Which lines of the material contain the word "Image"? Show each one.

EXCERPTED DATA:

=== Section Start ===

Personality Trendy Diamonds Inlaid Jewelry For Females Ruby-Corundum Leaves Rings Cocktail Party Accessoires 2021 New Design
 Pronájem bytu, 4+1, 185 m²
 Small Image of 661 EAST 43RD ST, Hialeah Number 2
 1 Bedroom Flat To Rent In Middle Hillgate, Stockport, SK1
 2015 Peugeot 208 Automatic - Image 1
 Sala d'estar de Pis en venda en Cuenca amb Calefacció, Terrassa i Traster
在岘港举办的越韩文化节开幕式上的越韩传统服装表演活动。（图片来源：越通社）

=== Section End ===

ANSWER AREA:
 Small Image of 661 EAST 43RD ST, Hialeah Number 2
 2015 Peugeot 208 Automatic - Image 1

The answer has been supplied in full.